» ASSIGNMENT: Please repeat the lines below, exactly and only, from the one that holds "Serene lake landscape" through the one that holds "Pool Float Ring".

(SOURCE INFORMATION begins)

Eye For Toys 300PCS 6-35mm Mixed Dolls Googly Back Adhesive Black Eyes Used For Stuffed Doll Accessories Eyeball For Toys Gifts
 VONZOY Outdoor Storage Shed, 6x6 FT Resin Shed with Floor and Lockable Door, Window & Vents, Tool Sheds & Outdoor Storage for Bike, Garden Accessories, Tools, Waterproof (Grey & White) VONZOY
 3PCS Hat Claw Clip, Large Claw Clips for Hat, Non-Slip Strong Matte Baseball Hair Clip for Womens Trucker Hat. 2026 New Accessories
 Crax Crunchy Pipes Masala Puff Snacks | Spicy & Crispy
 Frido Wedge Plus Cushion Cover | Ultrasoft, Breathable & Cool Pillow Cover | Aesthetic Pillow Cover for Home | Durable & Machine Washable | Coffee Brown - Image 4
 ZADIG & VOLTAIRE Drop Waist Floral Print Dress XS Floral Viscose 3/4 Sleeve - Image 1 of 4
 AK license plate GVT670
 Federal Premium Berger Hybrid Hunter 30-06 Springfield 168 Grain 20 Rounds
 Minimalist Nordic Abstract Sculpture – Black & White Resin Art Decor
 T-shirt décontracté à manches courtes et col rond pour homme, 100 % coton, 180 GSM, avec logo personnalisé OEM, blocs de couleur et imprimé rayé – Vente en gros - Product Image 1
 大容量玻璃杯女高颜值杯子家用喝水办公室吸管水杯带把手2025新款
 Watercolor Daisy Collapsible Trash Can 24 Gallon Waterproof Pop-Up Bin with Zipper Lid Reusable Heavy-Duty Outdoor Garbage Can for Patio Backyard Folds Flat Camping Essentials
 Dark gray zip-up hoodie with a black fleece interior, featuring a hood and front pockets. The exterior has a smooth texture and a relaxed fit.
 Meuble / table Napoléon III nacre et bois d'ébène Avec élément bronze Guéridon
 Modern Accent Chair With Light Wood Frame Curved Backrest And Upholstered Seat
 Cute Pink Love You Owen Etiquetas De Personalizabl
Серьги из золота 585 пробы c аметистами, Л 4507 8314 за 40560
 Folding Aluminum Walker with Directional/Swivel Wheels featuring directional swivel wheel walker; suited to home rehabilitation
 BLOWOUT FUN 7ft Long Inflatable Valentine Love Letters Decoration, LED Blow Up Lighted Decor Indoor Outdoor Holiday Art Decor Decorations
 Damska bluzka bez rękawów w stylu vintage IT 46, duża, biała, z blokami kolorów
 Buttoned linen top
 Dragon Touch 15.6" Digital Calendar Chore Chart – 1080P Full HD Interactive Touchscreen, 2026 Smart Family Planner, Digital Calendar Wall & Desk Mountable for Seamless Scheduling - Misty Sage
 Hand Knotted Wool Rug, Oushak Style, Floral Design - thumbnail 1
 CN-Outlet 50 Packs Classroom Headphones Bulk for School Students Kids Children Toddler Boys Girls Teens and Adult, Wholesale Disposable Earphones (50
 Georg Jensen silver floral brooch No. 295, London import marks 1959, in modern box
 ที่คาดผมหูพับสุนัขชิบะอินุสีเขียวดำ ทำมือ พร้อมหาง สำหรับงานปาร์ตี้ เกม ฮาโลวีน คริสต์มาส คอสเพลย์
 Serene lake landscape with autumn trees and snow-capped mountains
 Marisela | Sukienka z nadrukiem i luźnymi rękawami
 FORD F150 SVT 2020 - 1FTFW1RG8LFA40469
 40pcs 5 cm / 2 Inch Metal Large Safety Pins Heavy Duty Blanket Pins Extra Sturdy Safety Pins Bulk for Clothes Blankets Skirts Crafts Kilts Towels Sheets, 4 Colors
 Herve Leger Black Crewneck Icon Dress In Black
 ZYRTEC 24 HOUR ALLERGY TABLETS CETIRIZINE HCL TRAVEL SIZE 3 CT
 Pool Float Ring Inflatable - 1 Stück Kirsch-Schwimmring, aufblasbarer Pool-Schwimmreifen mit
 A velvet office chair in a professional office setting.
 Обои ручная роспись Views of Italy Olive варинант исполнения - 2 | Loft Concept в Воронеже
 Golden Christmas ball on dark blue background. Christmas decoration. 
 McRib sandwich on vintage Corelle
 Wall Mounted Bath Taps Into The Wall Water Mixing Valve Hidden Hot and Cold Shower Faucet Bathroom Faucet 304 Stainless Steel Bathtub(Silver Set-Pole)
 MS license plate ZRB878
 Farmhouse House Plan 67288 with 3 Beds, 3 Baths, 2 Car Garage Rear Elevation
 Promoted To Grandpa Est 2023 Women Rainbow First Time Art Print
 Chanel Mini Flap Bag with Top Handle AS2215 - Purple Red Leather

(SOURCE INFORMATION ends)

» PROBLEM SOLUTION:
 Serene lake landscape with autumn trees and snow-capped mountains
 Marisela | Sukienka z nadrukiem i luźnymi rękawami
 FORD F150 SVT 2020 - 1FTFW1RG8LFA40469
 40pcs 5 cm / 2 Inch Metal Large Safety Pins Heavy Duty Blanket Pins Extra Sturdy Safety Pins Bulk for Clothes Blankets Skirts Crafts Kilts Towels Sheets, 4 Colors
 Herve Leger Black Crewneck Icon Dress In Black
 ZYRTEC 24 HOUR ALLERGY TABLETS CETIRIZINE HCL TRAVEL SIZE 3 CT
 Pool Float Ring Inflatable - 1 Stück Kirsch-Schwimmring, aufblasbarer Pool-Schwimmreifen mit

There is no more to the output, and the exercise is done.